WHAT YOU ARE ASKED TO DO ▸ Word for word, repeat the lines of the records from the first line up to and including the line that contains "MARC JACOBS - CLASSIC", passing over any pictures.

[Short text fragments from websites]
↓↓↓

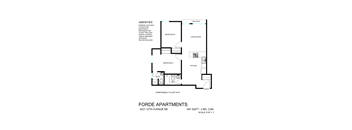 A floor plan for the Forde Apartments shows two bedrooms, a living room, a kitchen, and a bathroom.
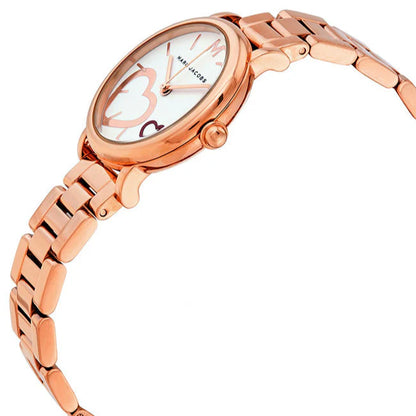 MARC JACOBS - CLASSIC WHITE DIAL ROSE GOLD STEEL STRAP WATCH - MJ3592 (W)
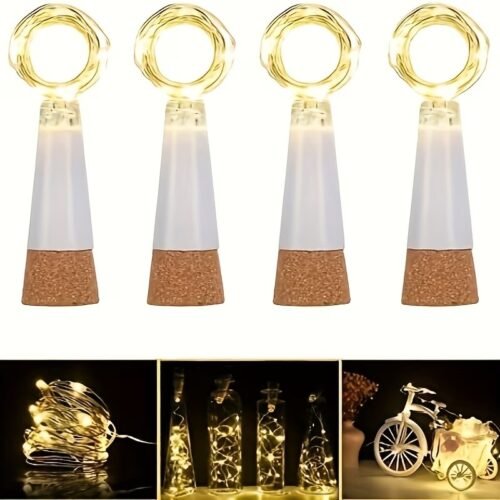3 Wine Bottle Cork Lights 15Pack 10 LED/ 40 Inches Battery Operated Cork Shape Copper Wire Colorful Fairy Mini String Lights for Party Christmas Halloween Wedding Decoration (Warm White)
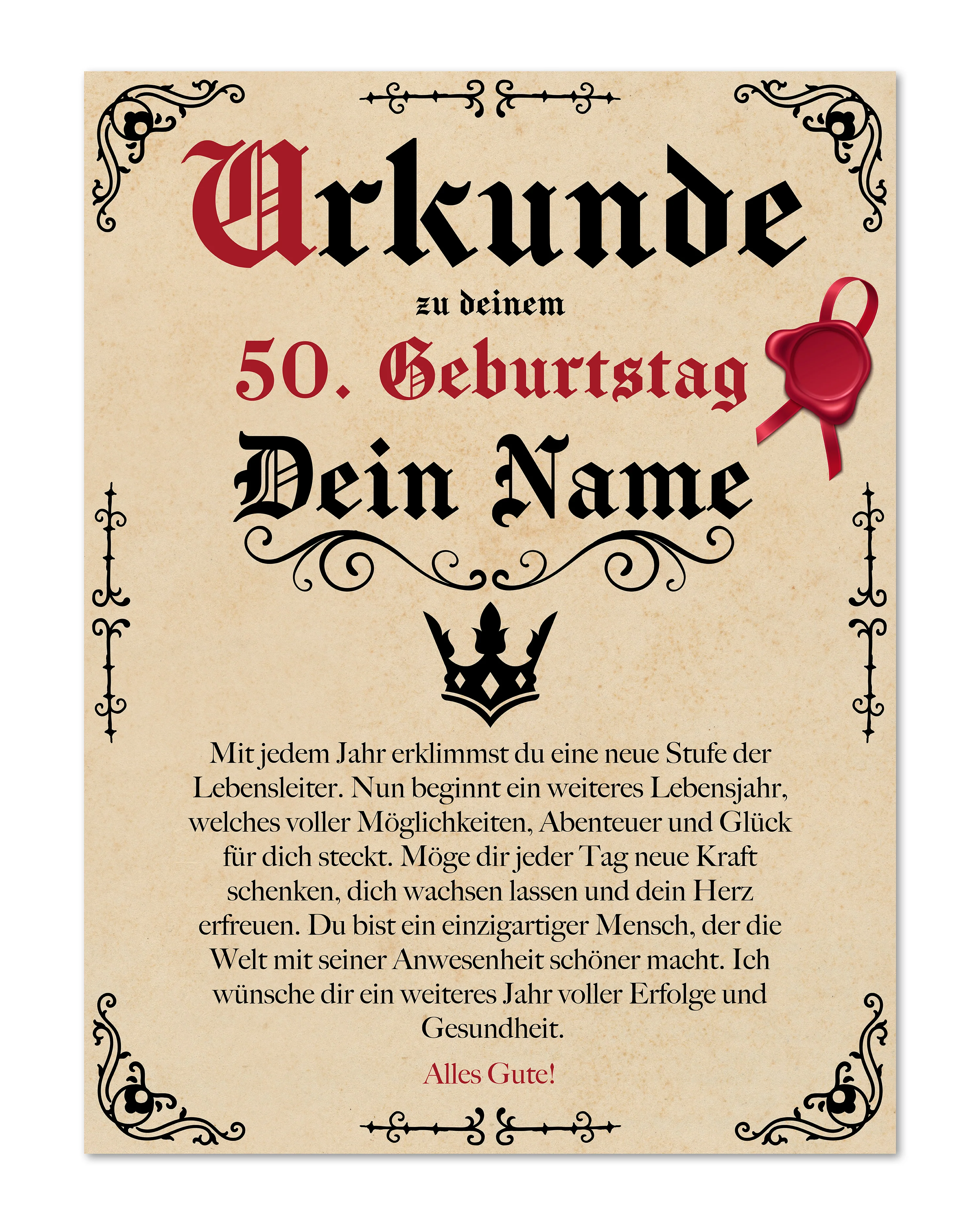 Geburtstags Urkunde Personalisierbar mit Alter + Wunschname - Pergament Stil Antik Vintage -20x30 cm - Image 6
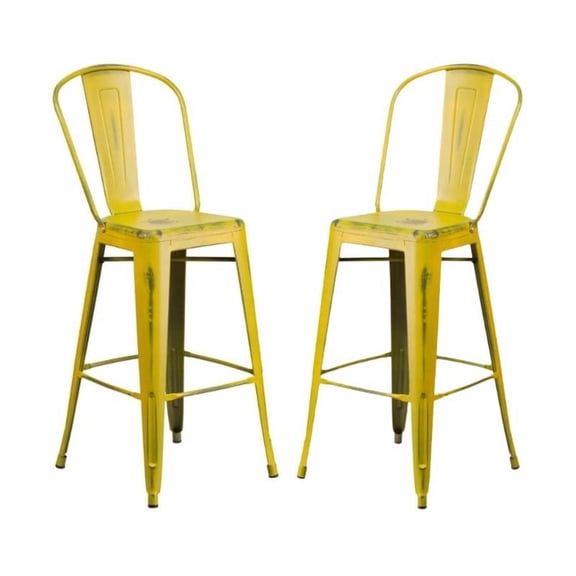 Home Square 30" Metal Curved Slat Back Bar Stool in Distressed Yellow - Set of 2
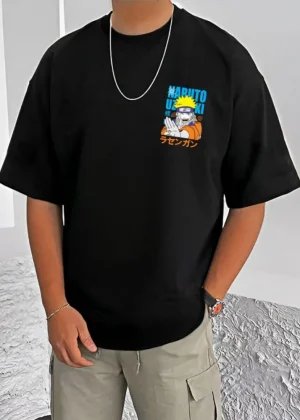 Generic Men's Casual Cotton Blend Printed Round Neck Half Sleeve T-Shirt (Black)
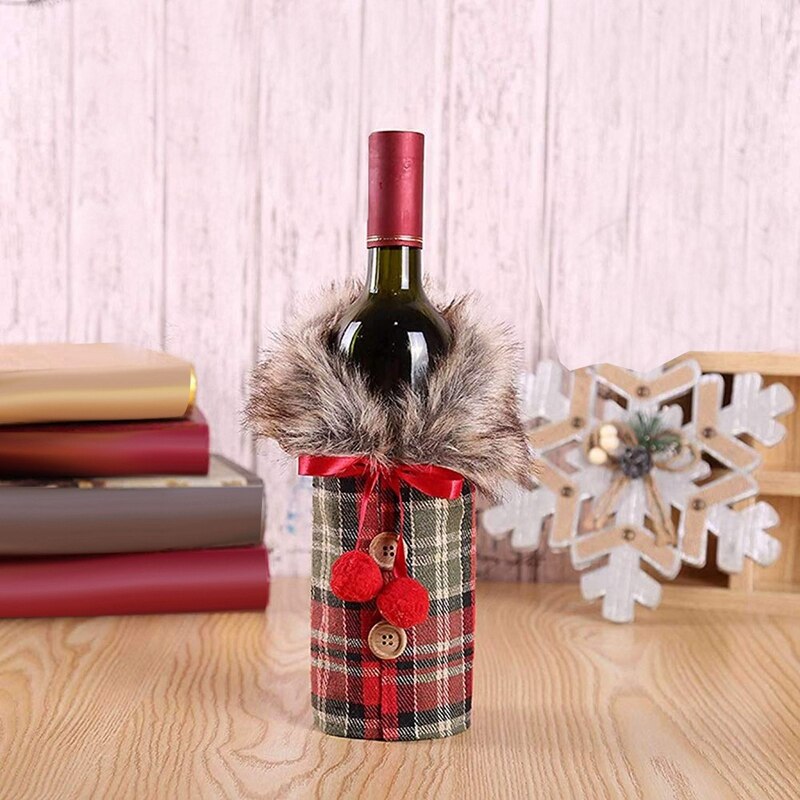 2 stk juletrøje vinflaskedæksel, nyeste krave og knapfrakke vinflaske sweater vinflaskekjole sæt xmas p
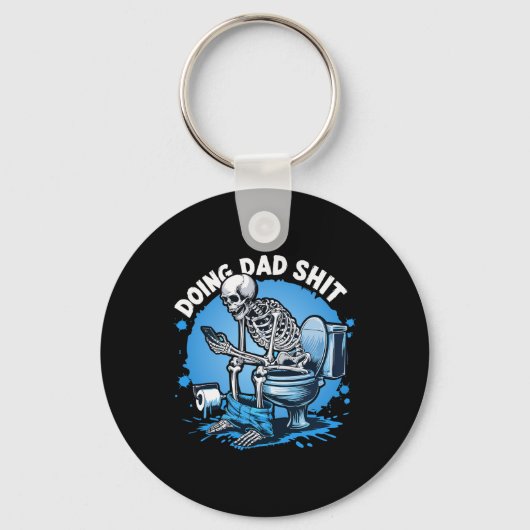 Doen Pa Joke Skeleton Dad Funny Vaderdag Sleutelhanger (Voorkant)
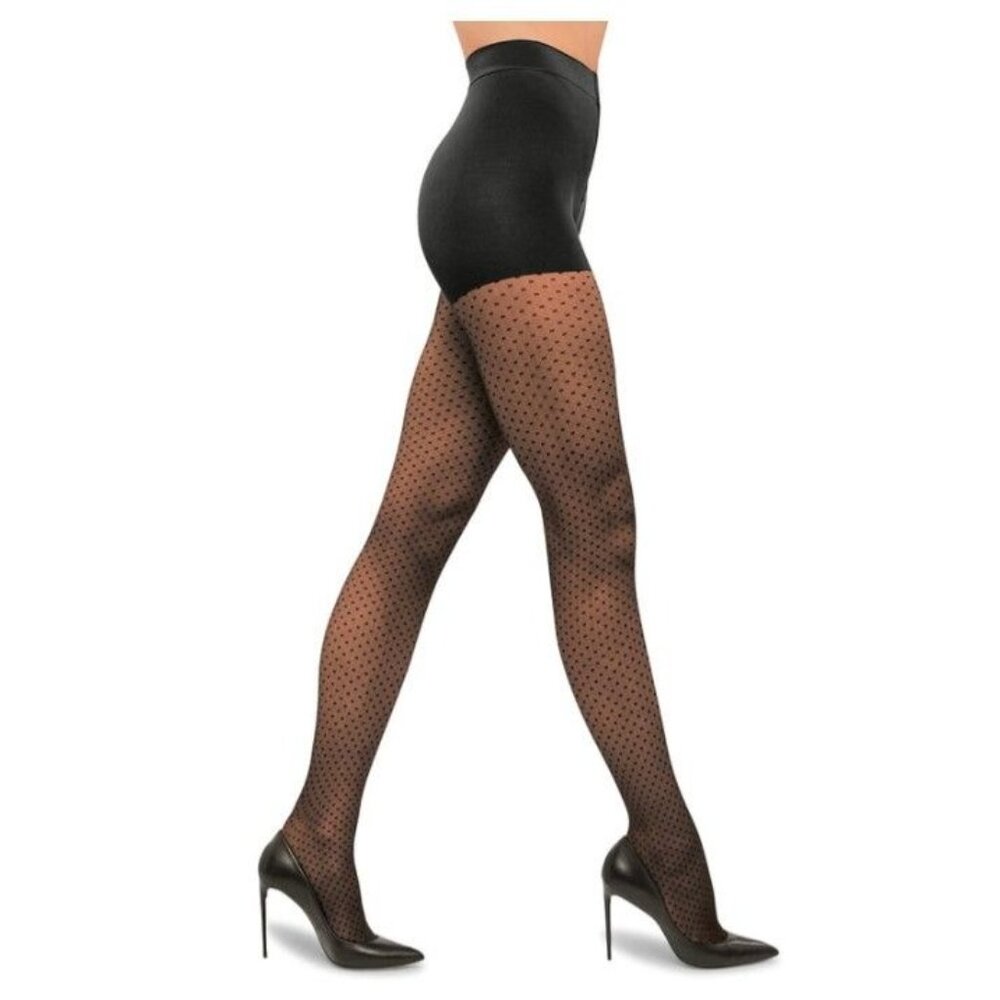 Wolford Size Medium Control Dots Tights 20 Den Sculpting Patterned Tights NWT $8 - Picture 5 of 9
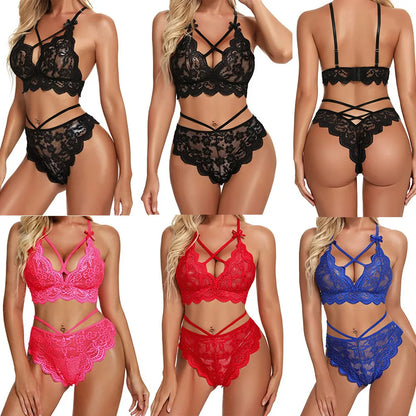"Passion Élégante" – Ensemble Lingerie Sexy en Dentelle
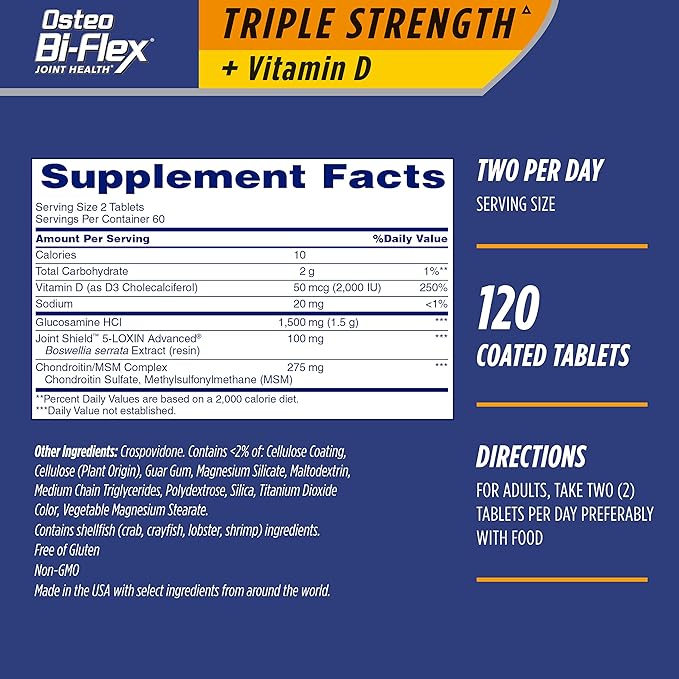 Osteo Bi-Flex Triple Strength with Vitamin D Glucosamine Chondroitin Joint Health Supplement, Coated Tablets, Red, 120 Count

↑↑↑

ANSWER FOR THE TASK ▸
 A floor plan for the Forde Apartments shows two bedrooms, a living room, a kitchen, and a bathroom.
 MARC JACOBS - CLASSIC WHITE DIAL ROSE GOLD STEEL STRAP WATCH - MJ3592 (W)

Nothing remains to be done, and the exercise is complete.